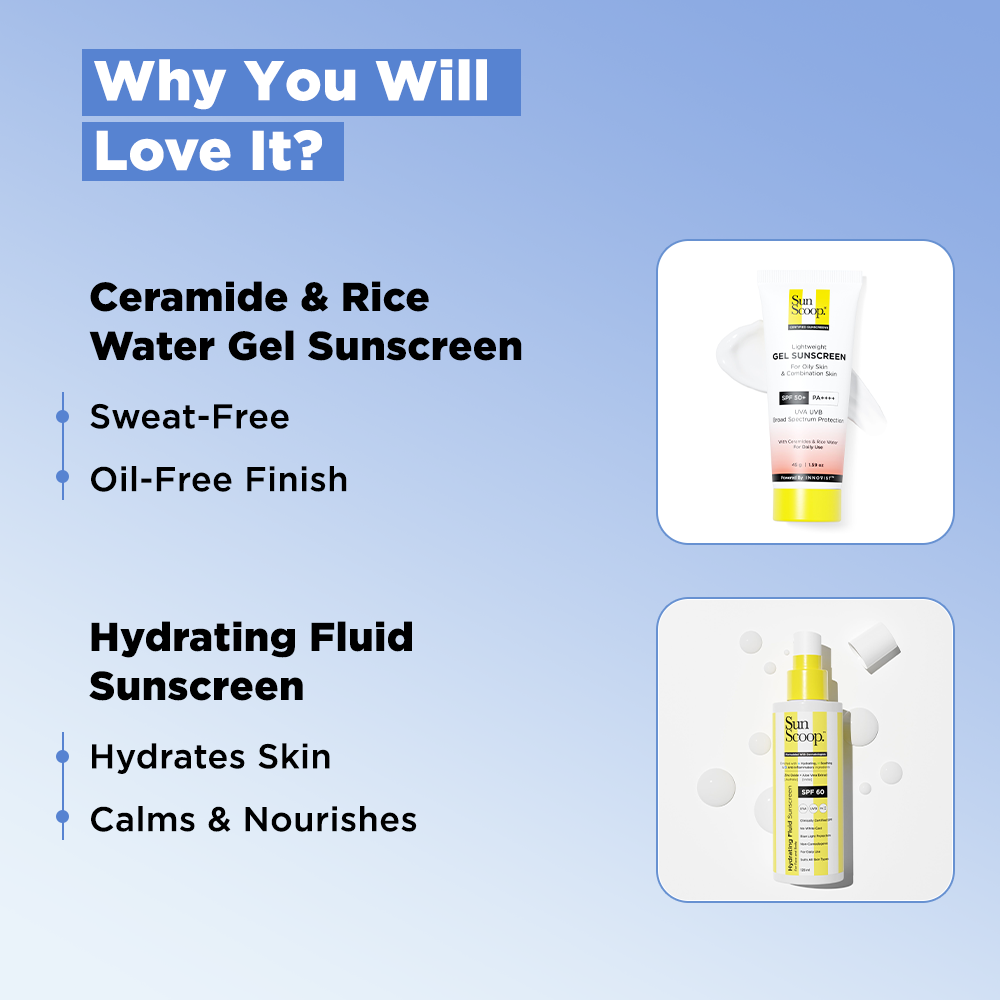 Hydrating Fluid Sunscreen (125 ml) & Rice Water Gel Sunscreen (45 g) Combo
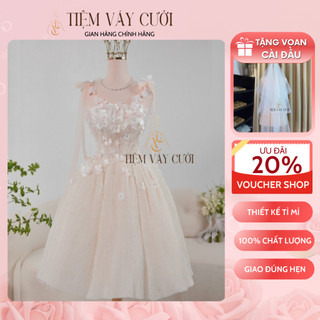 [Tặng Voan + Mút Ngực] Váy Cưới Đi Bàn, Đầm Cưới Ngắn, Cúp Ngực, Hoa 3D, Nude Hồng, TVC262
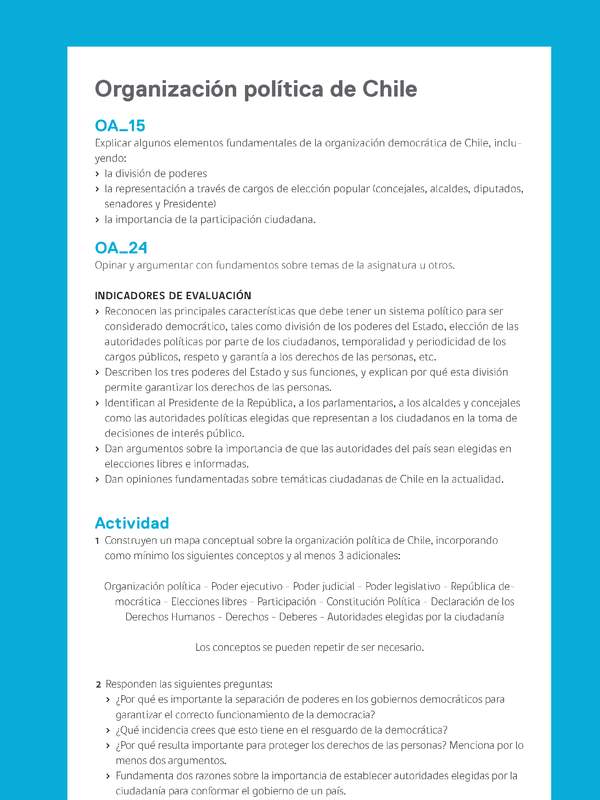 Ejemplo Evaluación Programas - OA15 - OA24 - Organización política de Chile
----
The problem
Please produce an exact copy of all the material, leaving out the pictures.

Exercise result
 Hydrating Fluid Sunscreen (125 ml) & Rice Water Gel Sunscreen (45 g) Combo
 [Tặng Voan + Mút Ngực] Váy Cưới Đi Bàn, Đầm Cưới Ngắn, Cúp Ngực, Hoa 3D, Nude Hồng, TVC262
 Ejemplo Evaluación Programas - OA15 - OA24 - Organización política de Chile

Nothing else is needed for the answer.